De fait, il intervient régulièrement à travers le Jura auprès de publics privés de parole : « Les enfants et les bébés dès l’âge de 3 mois sous forme d’une exploration sonore » qui les accueille avec harmonie dans notre monde. Mais aussi les seniors, qu’ils soient en foyer logement, en EHPAD, ou même en institutions spécialisées (lire encadré).
Des profils très divers, auxquels son certificat de l’AMB (Atelier de Musicothérapie de Bourgogne) permet de s’adapter totalement : « certains ne peuvent que taper un rythme et je les suis avec un instrument ». Parfois des moments d’éternité illuminent un quotidien bien sombre : une personne absente ou diminuée s’éveille, une communication s’établit à travers les sons d’instruments (toujours en « live », jamais de supports pré-enregistrés), des aînés se surprennent à siffloter de concert dans un foyer-logement.
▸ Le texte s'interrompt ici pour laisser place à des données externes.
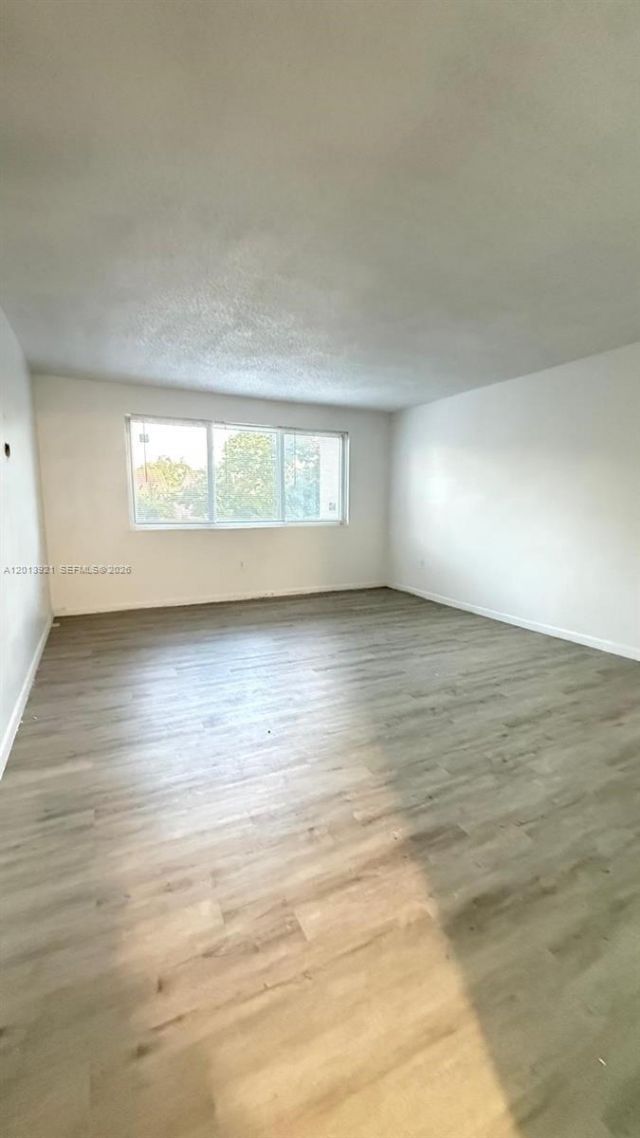 6940 Miami Gardens Dr, Unit 1-320, Hialeah, FL 33015 Photo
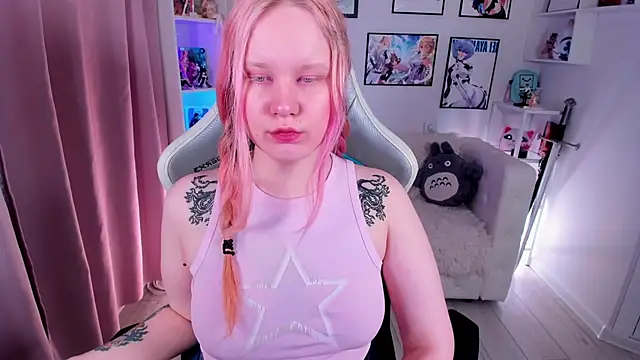 Snapshot of AnnieVibe chatting on March 24, 2026, 5:35 pm AnnieVibe online show from March 24, 2026, 5:35 pm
« Tout est vibration et musique »

Le soin par la musique peut aussi se pratiquer individuellement et à domicile, comme chez cet ancien musicien frappé d’une pathologie neuro-dégénérative. Sur un thème toujours personnalisé, une osmose peut naître, permettant aux bénéficiaires de se relaxer (effet le plus immédiat), de s’ouvrir, de s’épanouir, de retrouver la joie et le sourire.
Un sérieux coup porté au ‘complexe du musicien’ évoqué par François Grange : « souvent on pense que seuls sont musiciens ceux qui ont fait le conservatoire ou lisent le solfège ». Une sorte de mur du son brisé par le jurassien : « Tout est musique, la vie est musique, dès le battement de cœur du fœtus ! ».
Cerise sur le gâteau, la musicothérapie vous permet de voyager sans quitter votre fauteuil : il suffit de fermer les yeux pour entendre la pluie tomber, le tonnerre gronder, la mer danser, un temple indou s’ouvrir, ou une plage brésilienne s’offrir.
Un beau cadeau pour tous ceux qui n’en ont pas forcément les moyens, et plus généralement pour vibrer, encore et toujours.

Contact : François Grange 06 41 51 17 14/ acorpsdessons@gmail.com/ www.acorpsdessons.jimdofree.com/

Un duo improvisé au ‘hang’ (instrument venu du Brésil) entre une résidente d’un Ehpad lédonien, Marie Claude Saget, et François Grange, musicothérapeute.

Quand la musique est bonne…même en Ehpad

Bâton de pluie, bols tibétains, tambour océan, didjeridoo, djembé, hang : de drôles instruments de musique pour une drôle d’invitation. Au gré de ceux-ci, douze résidents de l’Ehpad Edilys, à Lons-Le- Saunier, naviguent deux fois par semaine dans un univers musical qui rompt avec un quotidien marqué par la maladie d’Alzheimer.
Comme l’explique Benjamin Meunier, coordinateur d’animations au pôle gérontologique du CCAS de Lons, la maladie d’Alzheimer entraîne des troubles cognitifs parfois majeurs, tels que pertes de mémoire, désorientation, perte d’autonomie, etc. « Ces ateliers qui se déroulent deux fois par semaine depuis un an visent entre autres à freiner la perte d’autonomie.
On ne laisse personne de côté » explique-t-il, quant bien même certains résidents semblent absents ou endormis. Si le corps défaille, l’audition permet encore d’éprouver des sensations agréables ou surprenantes.
« J’adore la musicothérapie, je jouais du piano alors… Les bols tibétains permettent de ressentir des vibrations dans tout le corps » confie Marie-Claude Saget, alerte résidente toujours bien maquillée, qui n’hésite pas à jouer du hang en duo avec François Grange.
Avec d’autres résidents, les échanges sont plus limités mais ils semblent plus apaisés selon Benjamin Meunier, et attendent ce rendez-vous avec impatience.

Les bols tibétains, pour faire le plein de bonnes vibrations.